Ancaman sekecil apapun terhadap suatu golongan atau masyarakat dengan keyakinan politik, etnis, bahasa, dan agama yang berbeda oleh mereka yang dianggap lebih besar atau kuat, akan mengundang reaksi bahkan perlawanan. Mempertahankan persatuan dengan hukum saja tidak akan pernah cukup.

Catalonia dan Spanyol sedang menghadapi masalah itu, gerakan untuk merdeka karena tidak melihat perlunya berada dalam persatuan Spanyol, yang dianggap inkonstitusional oleh Spanyol. Cukupkah Spanyol membendung gerakan itu dengan konstitusinya? Atau pada akhirnya Spanyol akan mengerahkan kekuatan bersenjata? Kita paham bahwa Spanyol pernah melalui perang saudara yang menoreh luka panjang, dengan 600-an ribu korban gugur dan 400-an ribu orang lari meninggalkan Spanyol.

Saya hanya melihat bahwa banyak hal yang tidak bisa kita duga terjadi akan terjadi, dan kita tidak mau menyesal nanti. Banyak kini orang Amerika merasa menyesal bahwa mereka pernah memilih Trump. Bush sendiri, mantan presiden dari Partai Republik, barusan mengecam cara Trump berpolitik dan berkomunikasi. Kita tidak tahu apakah pemilih Kurz akan menyesal nanti, terutama mereka yang mewakili kelompok milenial.

Kita di Indonesia menghargai proses demokratisasi melalui salah satu tiangnya, pemilihan umum. Hasilnya, kecuali ada kecurangan, harus diterima dengan lapang dada, dan para pemimpin terpilih silahkan bekerja melaksanakan programnya dalam koridor peraturan perundangan.

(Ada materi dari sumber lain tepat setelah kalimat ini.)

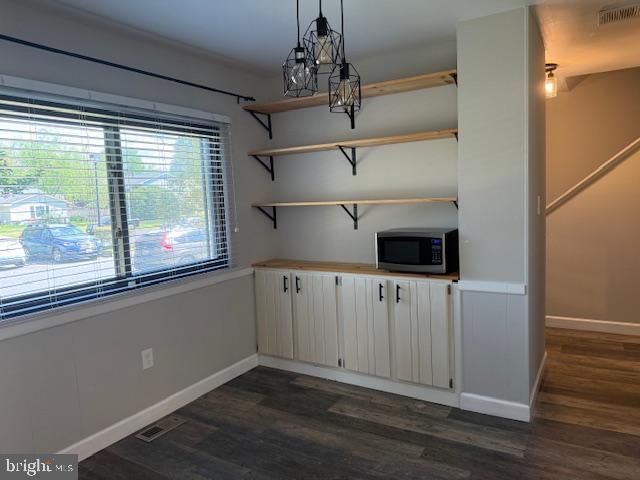 CROFTON MEADOWS - Residential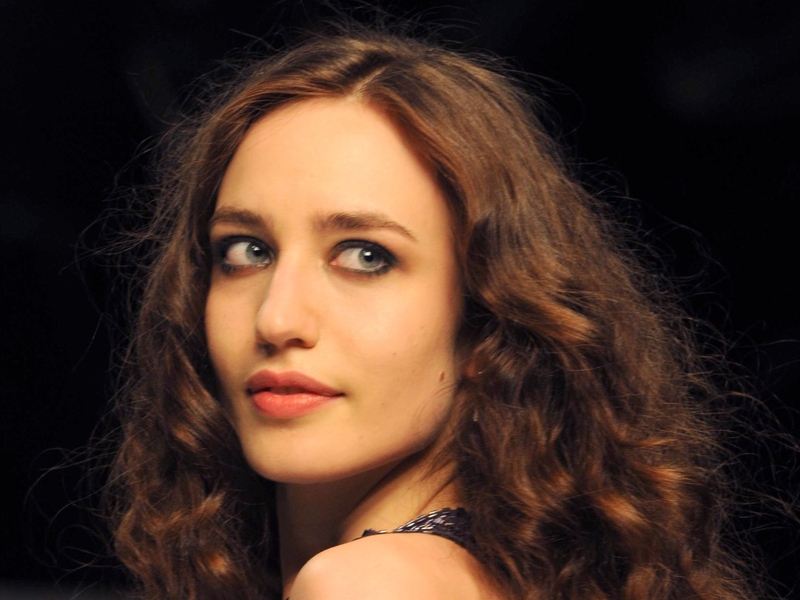 Jagger - Elizabeth quits modelling for Hollywood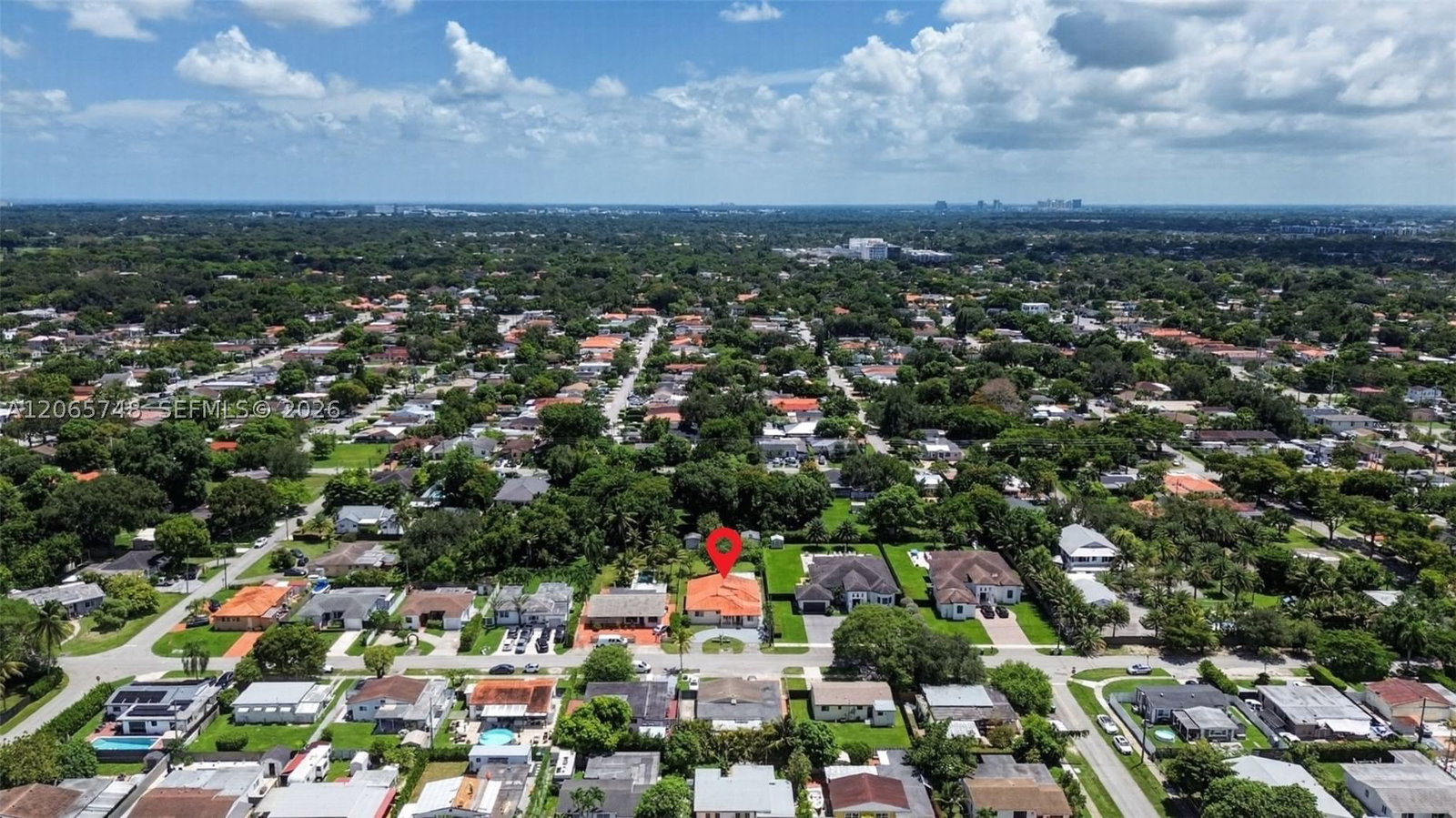 Real estate property located at 6010 19 ST, Miami-dade, Tamiami Acres Plan 1, Miami, FL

Kita hanya tidak ingin ke depannya melihat pemimpin yang sekarang dan akan dipilih nanti dalam pilkada dan pemilu mendatang menanamkan bibit-bibit perpecahan yang merusak persatuan Indonesia yang justru tumbuh dan berkembang dari perbedaan. Sejarah akan mencatat, apakah mereka akan menjadi sebagian pemimpin yang mengisi dan memperkokoh persatuan Inodnesia, dan bukan justru pemimpin yang menanamkan bibit atau bahkan memulai upaya perusakan persatuan Indonesia.